Pengunduran diri Direktur Utama PT Pos Indonesia (Persero) setelah menjabat selama sekitar tiga bulan telah menarik perhatian publik, terutama setelah adanya informasi mengenai hasil audit yang menunjukkan dugaan rekayasa keuangan di perusahaan milik negara tersebut.
Praktisi hukum dari BP Lawyers Counselors at Law, Bimo Prasetio, menjelaskan bahwa temuan dari audit investigatif tidak dapat langsung dianggap sebagai tindak pidana. Ia menekankan bahwa audit berfungsi sebagai alat untuk mengungkap fakta sebelum ada penilaian hukum lebih lanjut. "Audit investigatif bukanlah putusan bersalah. Audit merupakan instrumen untuk menemukan fakta, memastikan apakah benar terdapat penyimpangan, bagaimana penyimpangan tersebut terjadi, siapa pihak yang bertanggung jawab, serta apakah telah menimbulkan kerugian bagi perusahaan maupun keuangan negara," ujarnya.
Bimo juga menggarisbawahi bahwa istilah rekayasa keuangan tidak selalu berkaitan dengan tindak pidana korupsi. Dalam konteks hukum korporasi, penting untuk membedakan antara kesalahan administrasi, kegagalan bisnis, kesalahan penerapan standar akuntansi, dan manipulasi laporan keuangan yang dilakukan secara sengaja. Hasil audit nantinya akan menjadi acuan untuk menentukan apakah masalah tersebut dapat diselesaikan melalui perbaikan tata kelola perusahaan atau perlu dilanjutkan dengan proses hukum.
Ia menambahkan bahwa audit harus melibatkan penelusuran keterlibatan setiap pihak yang memiliki kewenangan dalam pengambilan keputusan di perusahaan. Tanggung jawab direksi dalam suatu perusahaan bersifat kolektif. Kebijakan strategis seperti laporan keuangan, investasi, dan pengadaan umumnya diputuskan secara bersama oleh jajaran direksi sesuai dengan tugas dan kewenangannya.

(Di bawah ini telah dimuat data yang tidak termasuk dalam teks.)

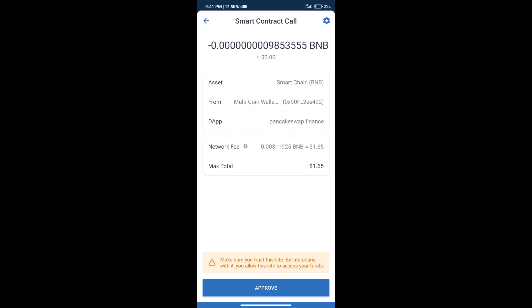So guys, I have only shared the technical process, not financial advice. Invest in cryptocurrency at your own risk and please check everything before investing. Thanks for watching.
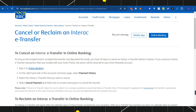Note that if there is no cancel option available, it is no longer possible to cancel the Interac e-transfer. Also, if the recipient is registered for auto deposit, the transfer is processed and cannot be reversed. In this case, funds are withdrawn from your account and deposited directly into the recipient's account.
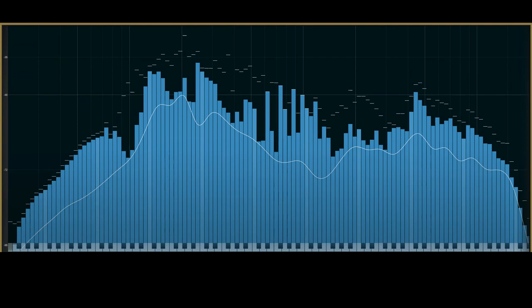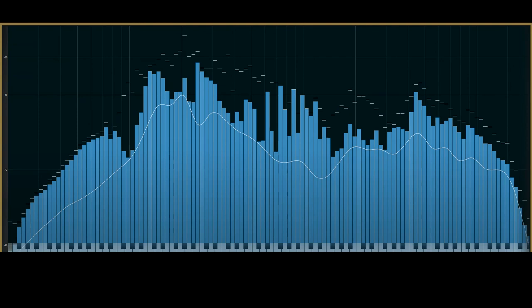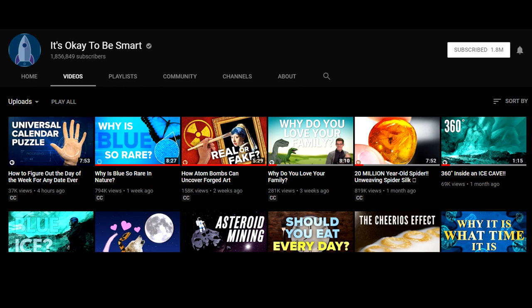You need to take some time to treat your curiosity. Subscribe to channels like It's Okay to Be Smart. If you're feeling low on energy, nothing's stopping you from sitting back and learning something. Watch a video on Gentle Whispering's channel every now and then.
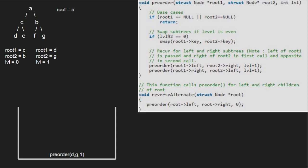As root 1 or root 2 is not null and level mod of 2 is not 0, the first two if conditions are not satisfied and we pass D's left and G's right which are both null. Because root 1 is null, we return to the previous call.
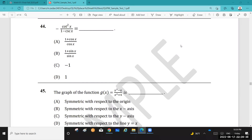Assalamu alaikum warahmatullah. This is the third part of the Qatar University placement exam in algebra. Question 44: I want to simplify the trigonometric expression negative cosine squared x over 1 minus cosecant x. I want to check which one of the answer choices is correct — a, b, c, or d.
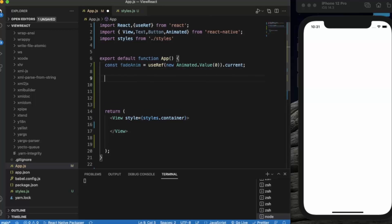We will be applying a small animation to a View component. You can apply animation to an Image component, Text component, View, FlatList, SectionList — any component. For this example we'll apply the animation to a View component. We'll create two buttons — Fade In and Fade Out. When you click Fade In, the view will slowly appear on screen, and when you click Fade Out, it will slowly disappear.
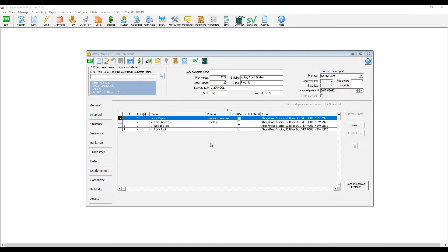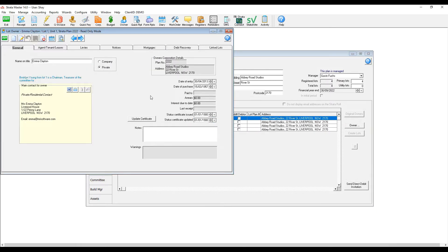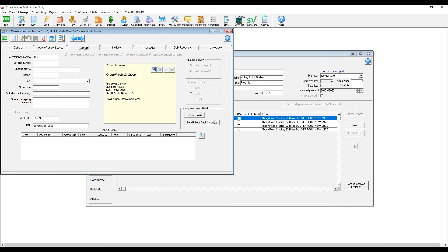If I want to check the direct debit status of a particular lot, I navigate to the lot and under Levis tab, Macquarie Direct Debit Check Status button is available.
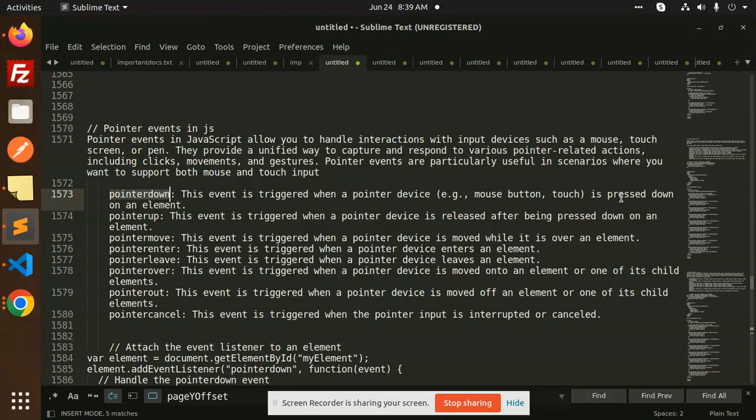Pointer up — this event is triggered when the pointer device is released after being pressed down. So, in pointer down we pressed it. When you release that press, then pointer up is called.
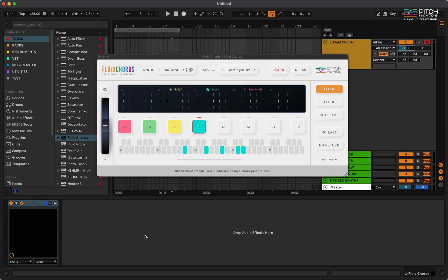Hello everyone. This is Rishi from Pitch Innovations. And today, I'm going to show you how to use Omnisphere inside fluid chords.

Apabila audit menemukan adanya manipulasi, fokus tidak hanya pada siapa yang menjabat saat ini, tetapi juga pada siapa saja yang terlibat dalam proses tersebut. Auditor dan penyidik akan menelusuri siapa yang mengetahui, menyetujui, menandatangani, atau membiarkan dugaan penyimpangan tersebut. Jika pelanggaran terjadi pada masa kepemimpinan sebelumnya, pertanggungjawaban hukum juga dapat merujuk pada periode tersebut. Di sisi lain, direksi baru tidak otomatis bertanggung jawab jika dapat membuktikan bahwa mereka telah bertindak dengan itikad baik dan melakukan perbaikan.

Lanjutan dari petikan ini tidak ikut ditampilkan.